Until now, the hands-off approach by the Government and National Transport Authority had been seen, not just by unions but also by large sections of the public, as doing nothing to help find a resolution to the dispute.

However, the opinion of unions now is that not only are the Government, State agencies and consultants involved behind the scenes, but they are actively preventing a resolution.

“It appears that management is controlled by consultants and others outside the process who are content to see 2,600 good jobs lost in order to advance the privatisation of public transport,” said Siptu official Willie Noone. His union claimed management is not being allowed to manage the destiny of this company.

“Other agencies that were not party to the discussions at the WRC have been applying undue influence on the proceedings, restricting the ability of Bus Éireann to actually reach agreement,” said NBRU general secretary Dermot O’Leary. “It would seem that there are forces at play here which would prefer to see the demise of Bus Éireann, rather than concentrate on securing its future, for the benefit of staff and commuters alike.”

Mr O’Leary went further in an interview on RTÉ radio, pointing out that during the WRC discussions Bus Éireann management was hopping into cars all over city to meet Department figures. He said the department is playing a “restrictive role” in relation to how the issue could be resolved.

The fact is that, as they headed into the Labour Court yesterday afternoon to present their case, staff representatives were deeply disaffected and inherently distrustful of what the other side could bring to the table.

As that mood filtered down to the grassroots it will have escalated among people who, as of today, have spent 20 days on the picketline. It will have made the chances of acceptance of any recommendation to emerge from the Labour Court even more remote.

Savings have to be made. A company that was losing €50,000 a day when operating normally and €500,000 a day over the last 19 days of strike needs drastic action to survive.

The unions say they offered savings worth €18m coupled with an 11% increase in efficiency.
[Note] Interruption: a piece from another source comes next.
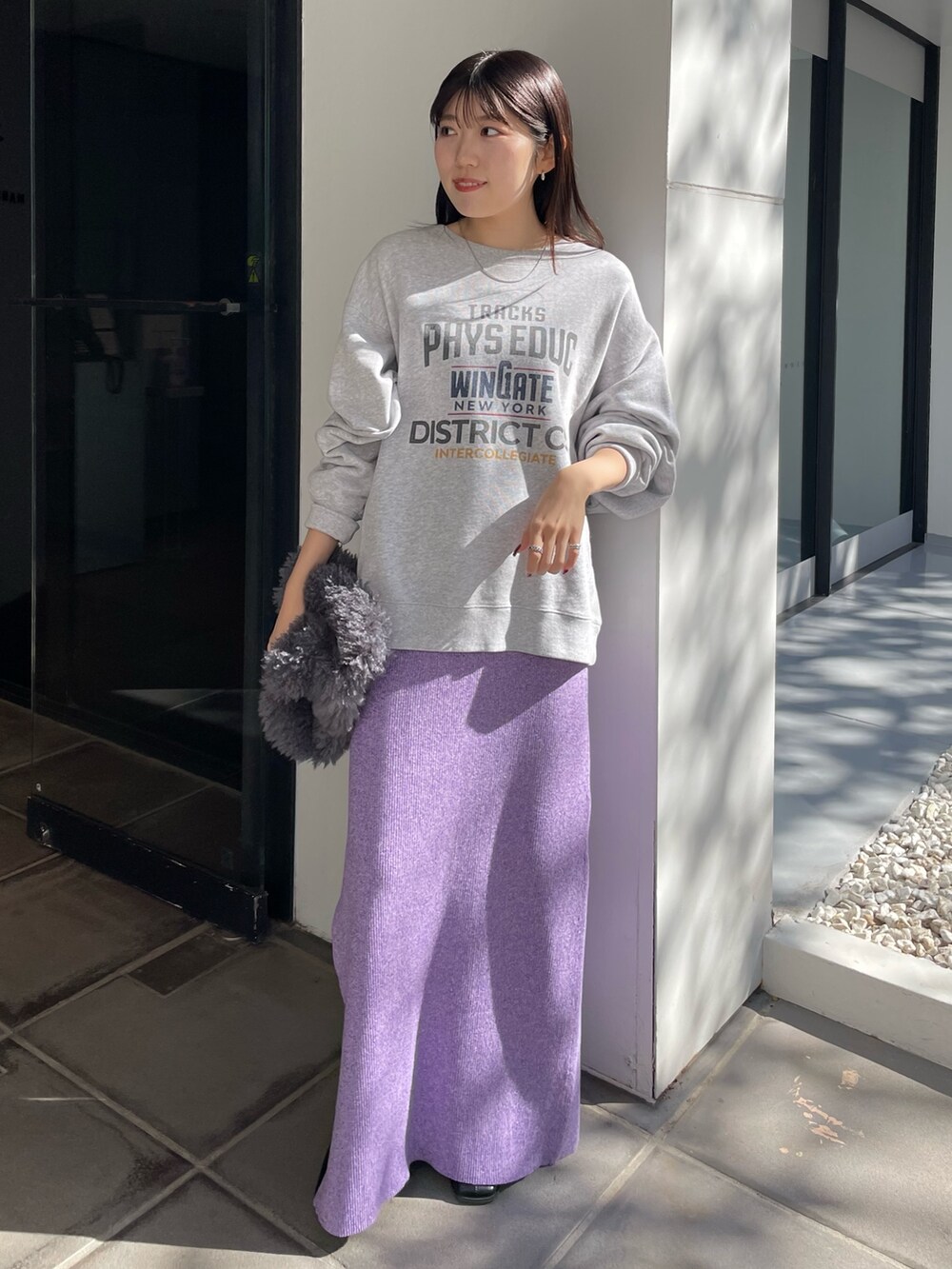 ブラック系のブーツ、グレー系のハンドバッグ、グレー系のスウェットを着用したレディースの秋コーディネートの2枚目の写真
That is significantly more than what had initially been sought from payroll cuts — in February the company said it wanted to reduce its cost base by €30m, 40% of which was to come from payroll costs.

The company concedes progress has been made and agreement reached “to eliminate many work practise inefficiencies”. However, it claims an offer it made to help to deliver financial viability was rejected by driver unions.
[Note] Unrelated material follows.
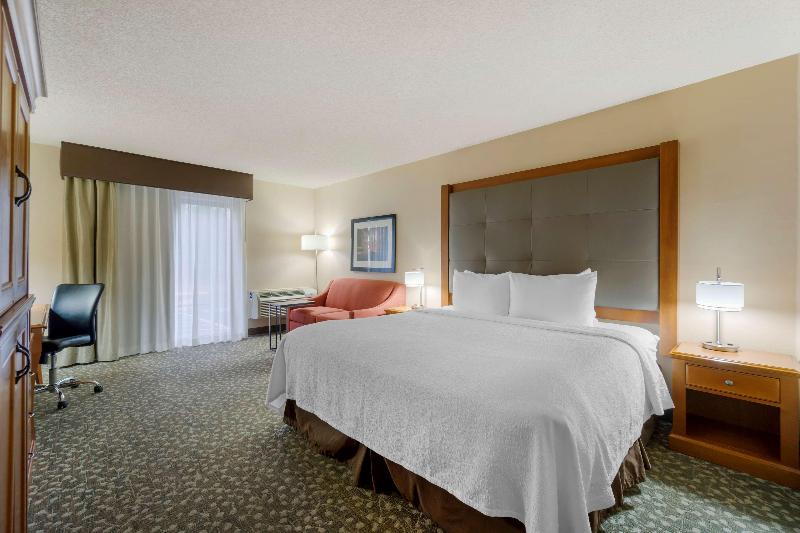Best Western Plus Oak Harbor Hotel & Conference Ce image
While no formal recommendation was forthcoming from the WRC in relation to a new consolidated wage rate incorporating overtime and premium payments, it did emerge a figure in excess of €19 per hour was on offer from the company, but unions said a figure closer to €22-23 per hour was needed.

What this dispute will come down to is firstly whether any resolution which does emerge will ensure the short-term survival of the company in the face of the massive losses it has endured; and secondly whether the efficiencies it achieves are enough to make it lean enough to compete with private operators with stripped-back terms and conditions for the routes which are to be put out to public tender in 2019.
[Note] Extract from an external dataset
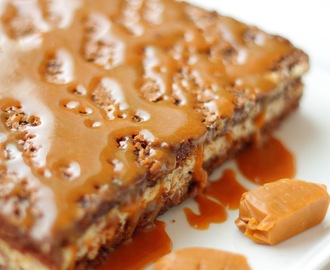 Browniebars with Cookie Dough filling and Caramel top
It now seems inevitable that at least 10% of the Bus Éireann workforce will leave the company in the coming months and a consolidated pay rate will be pursued as the way workers will be remunerated going forward.

When the immediate dispute is resolved structural change of Bus Éireann will take buy-in from all stakeholders. As the NBRU told Transport Minister Shane Ross just a day into the current strike: “The role requested of your office is not, as some would have it, a direct involvement by you as minister, but one by which you can create the environment for a multi-stakeholder forum to address all of the issues at Bus Éireann.”

If there is not that buy-in from all involved, it seems hard to envisage how the State bus company will be able to compete for routes come 2019.

As Fianna Fáil transport spokesman Robert Troy pointed out: “At this late stage Minister Ross continues to refuse to convene parallel talks between all stakeholders at Bus Éireann with the aim of overcoming the deep structural problems facing the company. It’s a sad state of affairs when the minister for transport has no thoughts or potential solutions to help overcome the most destructive transport strike to hit the country in decades.”